Task instructions> Go through the listing below and retype exactly the lines starting at the one with "Voyage V posters" and ending at the one with "Payot Pate Grise", skipping pictures.

Records provided>
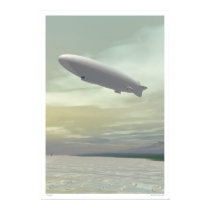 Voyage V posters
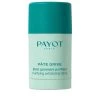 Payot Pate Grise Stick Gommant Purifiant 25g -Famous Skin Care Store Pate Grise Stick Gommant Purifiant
* * *
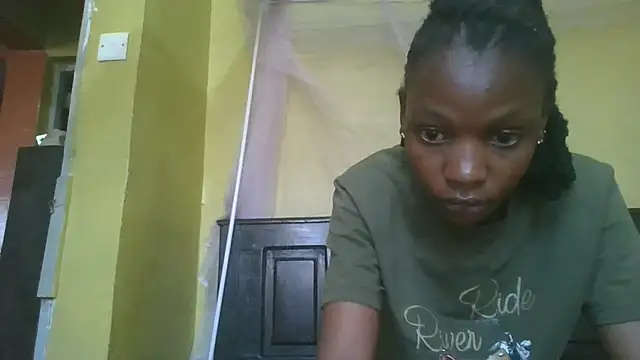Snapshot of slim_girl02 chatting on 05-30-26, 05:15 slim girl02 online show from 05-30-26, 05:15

Written response>
 Voyage V posters
 Payot Pate Grise Stick Gommant Purifiant 25g -Famous Skin Care Store Pate Grise Stick Gommant Purifiant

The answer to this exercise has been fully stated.